The downfall of Corinthian has been in the making for even longer. For years, the California-based corporation has been under investigation for a host of exploitative practices at its colleges, including predatory lending, deception in performance data and job placement placement rates, and bogus career services.
"What these students have experienced is unacceptable," federal education undersecretary Ted Mitchell said in a statement. "We will do everything we can to ensure that Corinthian makes good on its obligations to students and taxpayers to the extent possible."
For many, however, the Education Department's actions have been too little too late.
The background: The federal government has been taking action on Corinthian since last year. Last summer, the Department of Education finally decided to cut the cord by severing federal student aid for its colleges. Unable to keep afloat without the federal funding, Corinthian was forced to begin selling and closing its campuses nationwide. Earlier this month, the federal government fined Corinthian $30 million after confirming hundreds of cases misrepresentation of job placement rates.

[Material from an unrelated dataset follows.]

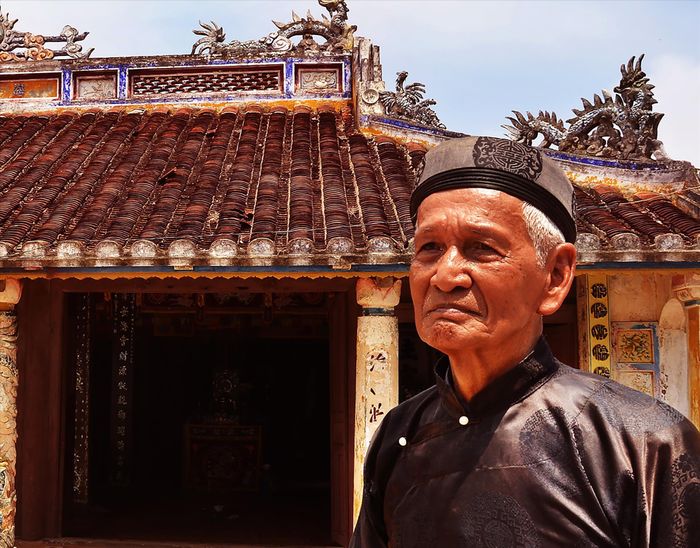 Trong ký ức của các cụ già trên đảo vẫn còn lễ phát hỏa chém tướng trùng, tướng nghiệp ảnh: Văn Chương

Corinthian's abuses led to the emergence of a movement known as the Corinthian 100, a group of students who are refusing to pay back their federal student loans on the basis that they shouldn't have to repay loans that were taken out to finance a fraudulent degree. The movement has grown since its formation, and earlier this month organizers met with officials from the U.S. Consumer Financial Protection Bureau, the Department of Education and the Department of Treasury to negotiate discharging their federal student loans.
Corinthian students have poor prospects: The 16,000 students who were affected by the final campus closures have two main options, and neither of them seem to be appropriate compensation for victims of fraud left out in the cold without being able to complete their programs.
As Chris Kirkham reports at the Los Angeles Times, given the abrupt closing of their campuses, they should be eligible to have their federal student loans discharged, after which they would then begin from scratch at another institution. Or they could attempt to transfer elsewhere, which, given the "nontraditional accreditation" of many of their colleges and the disrepute of a Corinthian degree, will likely prove extremely difficult. Regardless of the route students choose, it's clear that most have lost time and effort that they won't be able to get back.
But for most students defrauded by Corinthian, the path is still shrouded in darkness. A majority of its former students are not eligible for a full discharge under the guidelines that most the final 16,000 are, mainly because their campuses were sold to another company. The Corinthian 100 are among those former students, contending that they should be eligible for a mass discharge of their federal loans.
"Corinthian Colleges was not a school chain but a fraud factory, propped up by the Department of Education and taxpayer money for far too long," the Debt Collective, the organization backing the Corinthian students refusing to pay back their loans, said in a statement to Mic. "The time has come for the Education Department to do the right thing. The closing of these campuses is just another step toward the full discharge of current and former Corinthian students' debts."
A group representing the Corinthian debt strikers is set to meet with the Education Department in May to discuss discharge terms.